▸ **Required work**: Output the full listing below exactly, without the pictures.

▸ **Information shown**:

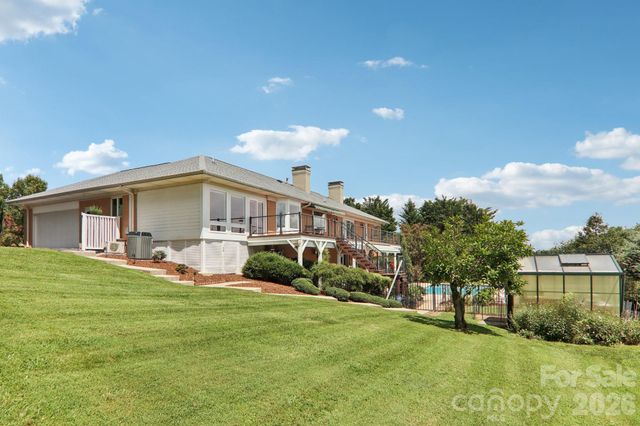 18 Thornapple Drive, Hendersonville, NC 28739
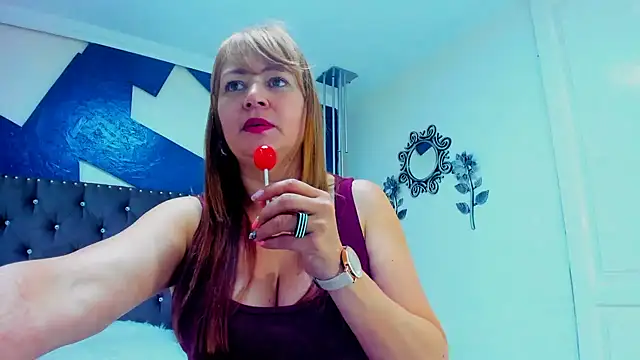 Snapshot of Charlottee_Brown2 chatting on January 2025 02:51:02 PM Charlottee Brown2 online show from January 2025 02:51:02 PM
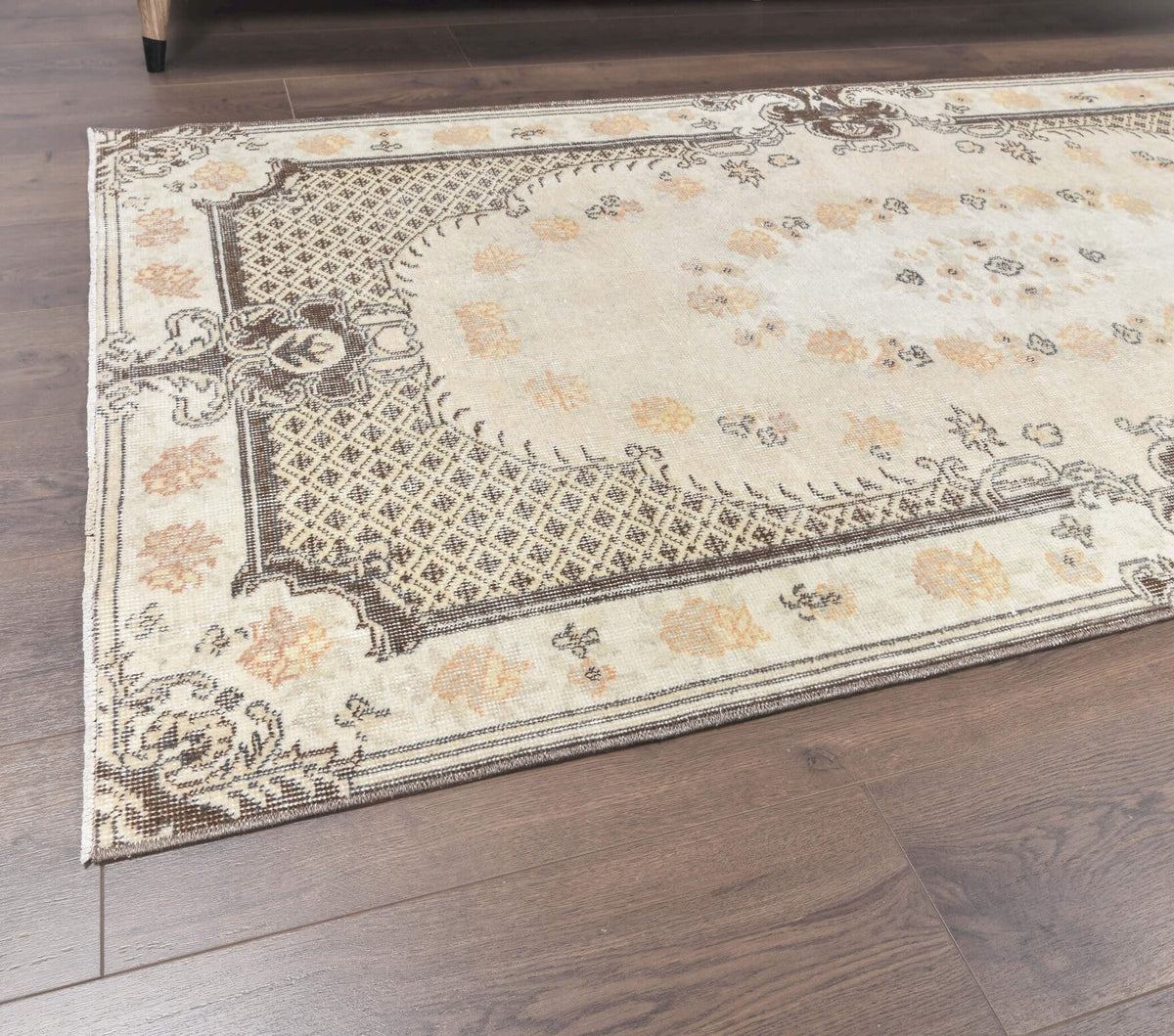 El yapımı vintage halı 109x211 cm oryantal desenli yün - yakın çekim doku detayı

▸ **Response box**:
 18 Thornapple Drive, Hendersonville, NC 28739
 Snapshot of Charlottee_Brown2 chatting on January 2025 02:51:02 PM Charlottee Brown2 online show from January 2025 02:51:02 PM
 El yapımı vintage halı 109x211 cm oryantal desenli yün - yakın çekim doku detayı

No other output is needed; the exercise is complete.